The Indians have almost an embarrassment of riches when it comes to starting pitching. Their rotation is probably the envy of any team in the major league – which is why the team’s not being shy about shopping around starting pitching to bolster other holes in the lineup.
Were it not for a fateful trade 10 years ago this week, they might have even more.
The Indians came into the 2008 season with high expectations, having come one win away from advancing to their first World Series in a decade the season before. But the team stumbled out of the gate and started dealing away players, including defending American League Cy Young Award winner CC Sabathia and third baseman Casey Blake, who went to the Dodgers in August for a catching prospect named Carlos Santana, in a move that reaped dividends for the Indians for the better part of the next decade. (Blake signed a three-year deal with the Dodgers following the season, and finished out that contract before latching on with the Rockies for 2012 spring training, but got cut and then retired.)
Blake’s trade meant the Indians were in the market for a third baseman, so they traded for Cubs infielder Mark DeRosa in a deal finalized on New Year’s Eve 2008. He had one year left on his current contract, and the Indians wanted him to play third base instead of potentially moving Jhonny Peralta over to third and sliding Asdrubal Cabrera to shortstop. He didn’t even last the year for the Indians, who flipped him to St. Louis for Jess Todd and Chris Perez, who filled in capably if not tumultuously as the Indians closer from 2010 to 2013.
To get DeRosa, the Indians dealt three pitchers: Jeff Stevens (who came to Cleveland from Cincinnati for Brandon Phillips), John Gaub and Chris Archer, who’d been drafted in the fifth round by the Indians in 2006. Stevens was the only pitcher who’d been on the Indians’ 40-man roster. Gaub and Archer both spent most of the 2008 season in Lake County. “Maybe they’ll pitch in the big leagues eventually,” Terry Pluto wrote four days after the deal. “But it won’t be soon.”
Stevens appeared in a total of 33 games in a three-year career before joining the Orioles in 2014 as a scout. He’s been with several teams in the same capacity since. Gaub’s Major League career consisted of four games in 2011. He’s returned to his native Minnesota, where he’s an assistant baseball coach at Concordia University, St. Paul.

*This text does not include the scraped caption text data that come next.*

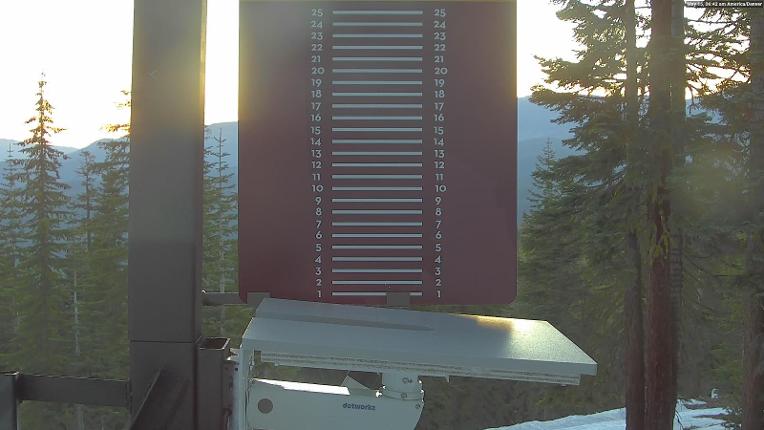 Webcam Northstar California: Snow Stake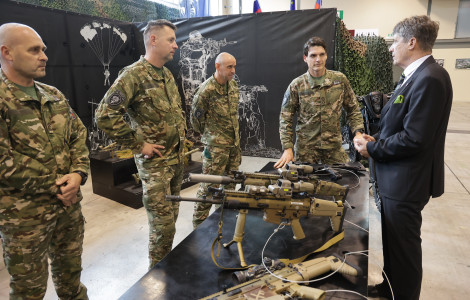 TOIC6728 (Soldiers of the Slovenian Armed Forces present their equipment to the minister in the exhibition hall.)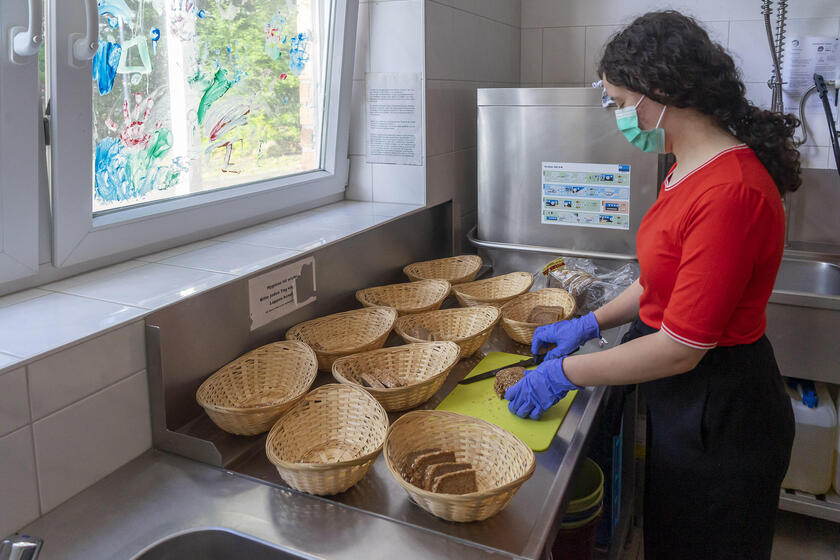 FSJlerin Marjana Kildeeva bereitet das Bio-Brot jeden Morgen um 7 Uhr für das Frühstück in der Kita Nimmerland vor.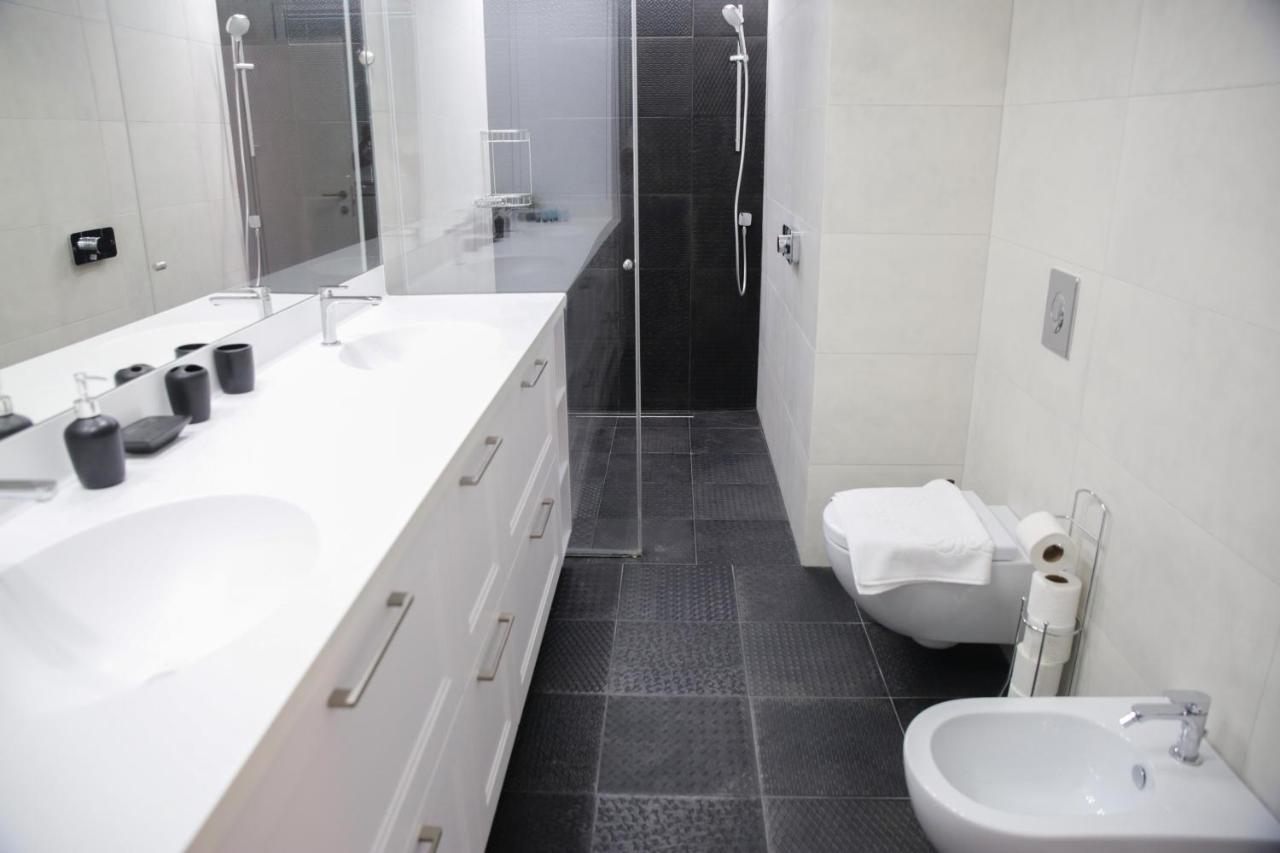 Апартаменти Yalarent Midtown Towers Tlv Тель-Авів Екстер'єр фото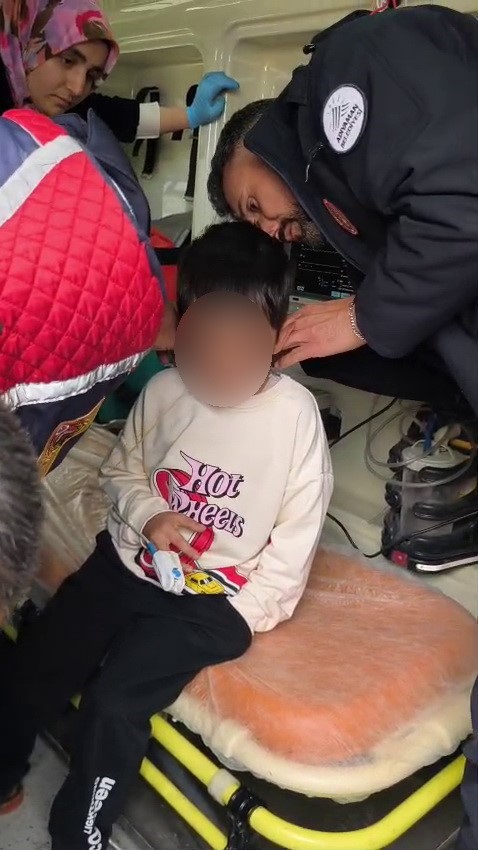 Boynuna plastik kelepçe geçiren çocuk kurtarıldı
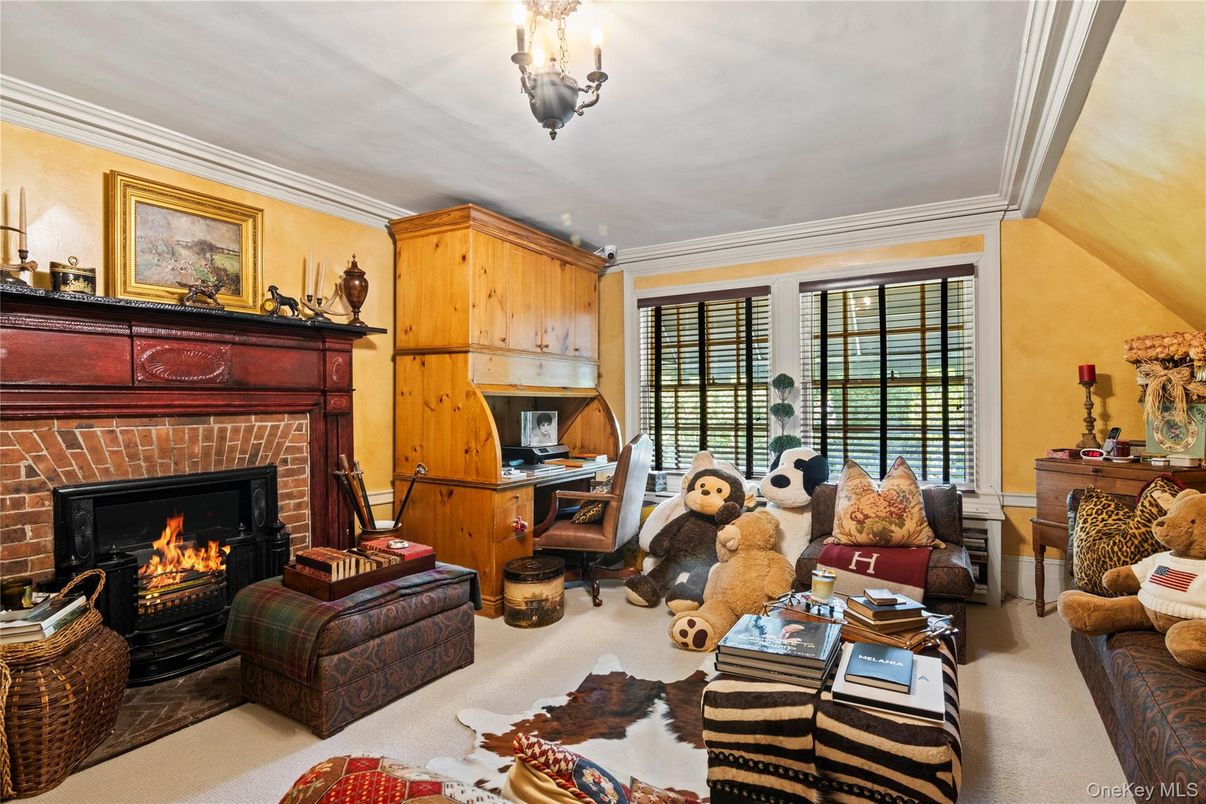Fireplace, Interior, Living room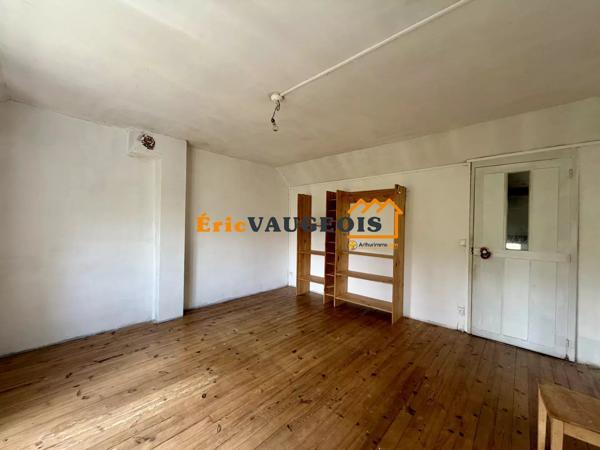 Vente                                                      Maison de village
                        
                     4 pièces                      106 m2                     à Rozay-en-Brie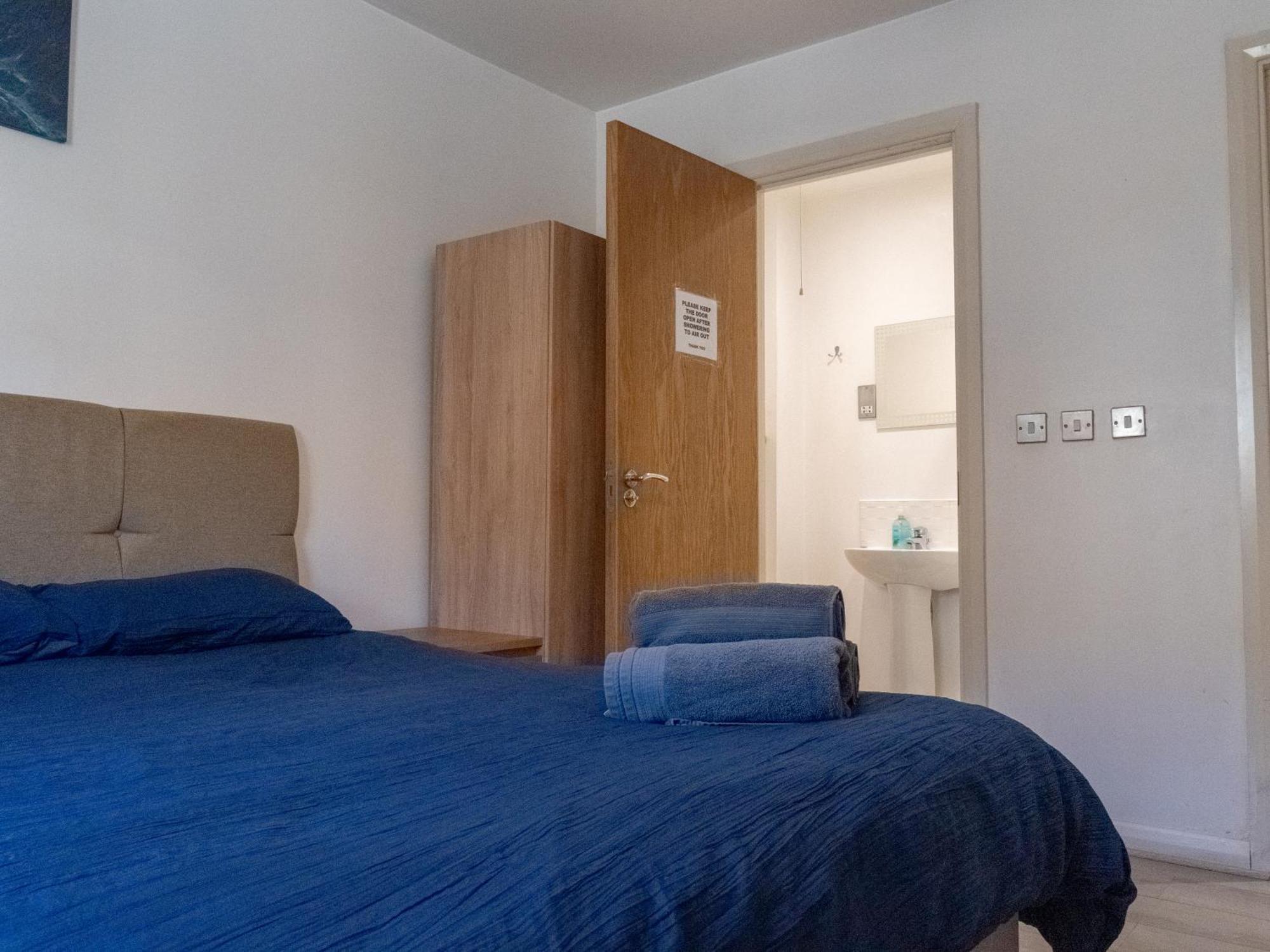 Spacious 2 Bed Flat, Free Parking, Close To Town *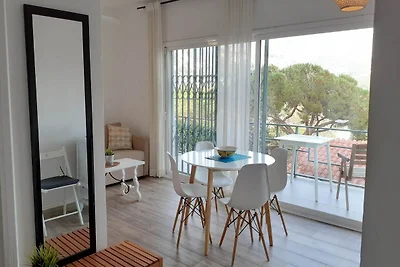 Appartement in Canyelles bij Strand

Archer, of course, remains in the major leagues. The Cubs didn’t hold on to him either, dealing him to Tampa Bay as part of an eight-player trade before the 2011 season. Archer made his major league debut for the Rays a year later. He was a mainstay of the Rays rotation with three straight years of at least 233 strikeouts, before being sidelined by injury last season and ultimately being traded to the Pirates.
It’s easy to wonder what Archer’s fate might have been had he stayed in Cleveland. Would his pitching have put the Indians past the Cubs in 2016? Would it have helped put the hammer down against the Yankees in 2017? Would he have benefitted from the steady hands of Mickey Callaway and Terry Francona? Or would he have followed the same trajectory of a hard thrower who hasn’t quite reached his full potential?
Either way, if he was on the Indians’ roster right now, he might be up for a trade, too – or make it easier for the Indians to turn loose one of the guys at the top of the rotation, should that come to pass.